Tangan besarnya menarik tangan mungil Ria. Ditariknya kasar dari pelukanku.  “Kenapa nangis ?” tanyanya kasar.

“kue coklat Ria ada yang makan .. nggak ada di kulkas .. hiks hiks”…. Ria menjawab sambil tersedu-sedu dan tersenggal-senggal.

“ Udah … Nanti ayah punya uang, ayah beliin.  Sekarang bapak miskin.  Nggak punya uang.  “ Jawabnya kasar.  Sambil menatap tajam ke arahku.  Ditarik kembali tangan mungil Ria, diseret kasar ke kamar.  Gubrak, ditutup pintu kamar dengan kasar. Tangis Ria terhenti. Hanya isak tangis tersenggal pelan.  Ria takut dengan ayahnya.

 Tangis Ria berhenti.  Tangisku dimulai.  Tangis tanpa suara.  Hanya air mata mengalir perlahan.  Aku berjalan ke arah dapur, sambil menghapus air mata dengan tangan.

Kubereskan piring kotor di meja makan.  Kuletakkan di bak cuci piring. Kunyalakan air keran. Kunyalakan dengan kencang.  Suaranya keras terdengar.  Seandainya tangis ku bersuara, akan tertutup oleh suara air keran yang keras.

Aku menangis karena Ria, cucuku yang masih kecil. Yang tidak tahu apa apa. Belum berdosa. Anak kecil yang hatinya masih tulus, bersih dan polos.  Ria hanya ingin kue coklat.  Tidak ingin yang lain.

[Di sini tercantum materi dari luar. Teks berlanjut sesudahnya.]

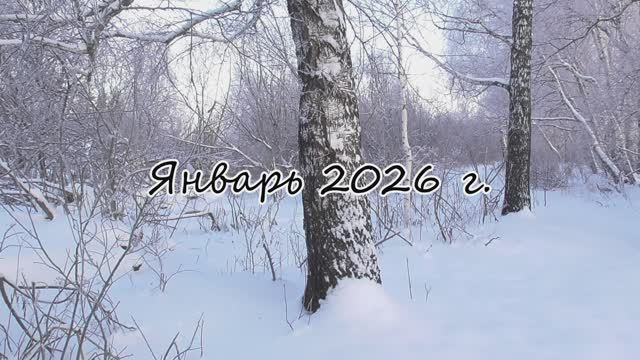 Дача. Январь 2026 г. Тюменская область. г. Тюмень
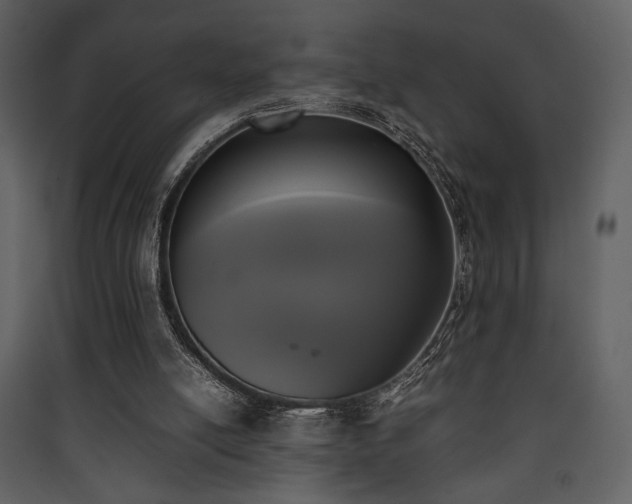 X0000090410054200707131156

Ria menjadi korban konflik ayah dan neneknya.  Si Nenek yang tidak mau memenuhi keinginan ayahnya memberikan modal usaha.  Si ayah kecewa, tidak punya usaha.  Merasa akan menjadi pengangguran kembali, makan tidur saja di rumah.

Aku bukan tidak mau memberikan modal usaha.  Memang kondisi keuangan sedang sulit.  Aku masih memikirkan kasus keuangan yang sedang kuhadapi, memikirkan nominal yang harus aku siapkan untuk mengganti dana menyimpang karena kesalahanku.Seandainya aku memaksakan memberikan modal usaha pun, akankah usahanya gagal lagi dengan modal usaha terbuang.  Bukan sekali ini Rangga, ayah Ria, anakku, meminta modal usaha.  Dan bukan sekali dua kali aku berikan. Mungkin puluhan kali dengan nominal yang tidak sedikit.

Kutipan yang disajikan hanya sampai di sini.